Ring of Fire: The Johnny Cash Reader
Michael Streissguth, Editor
(Da Capo Press) $26

Any book calling itself a reader is not meant to be read in one sitting. One should read a chapter, two at the most, at one's leisure, then put it down for a day or more and come back to it sometime later. However, if one does read Ring of Fire: The Johnny Cash Reader in a single sitting, it becomes apparent that Johnny Cash is a man who can't keep his own legend straight. But with a legend as big as Cash's to manage, the Man in Black can hardly be blamed.

Edited by Michael Streissguth, Ring of Fire is a collection of interviews and articles, often excerpts, written by some of the country's well-known music journalists. The early accounts are sketchy and parable-like, up until the one about Cash's appearance at the U.S. Penitentiary in Leavenworth, Kansas (written by former inmate Albert Nussbaum in West Virginia's Sunday Gazette Mail, 1973) and the piece regarding his first attempt at living a drug-free life (Peter McCabe and Jack Killion in Country Music, 1973). Up to this point, most of the material covers variations on the themes in Cash's life: his childhood, his relationship with Nashville, and his addictions.
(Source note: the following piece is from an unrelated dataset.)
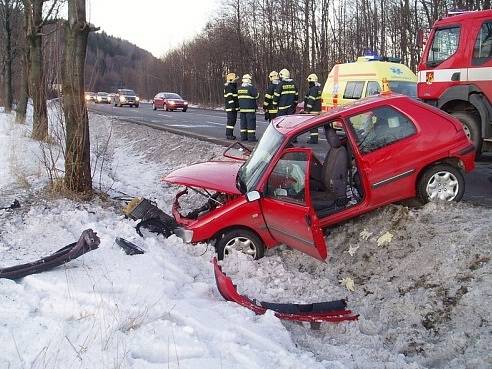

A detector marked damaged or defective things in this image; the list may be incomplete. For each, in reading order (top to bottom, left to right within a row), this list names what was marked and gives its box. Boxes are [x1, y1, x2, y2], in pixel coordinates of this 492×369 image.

shattered windshield [236, 124, 282, 193]
wrecked red car [163, 93, 474, 260]
detached red bumper [211, 256, 358, 322]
It's not until Nick Tosches' begrudging admiration becomes apparent in his 1995 article in The Journal of Country Music, after Cash became affiliated with Rick Rubin's American Recordings, that any of the articles really amount to much more than reporting and indulgent windbaggery.

There's something new to be learned about the same old story every time another journalist asks Cash to tell it (the years add certain flourishes), but it's the true analysis, which comes from years of trial and observance, that makes for good reading. Unfortunately, this pithy reward comes some 200 pages into Streissguth's collection.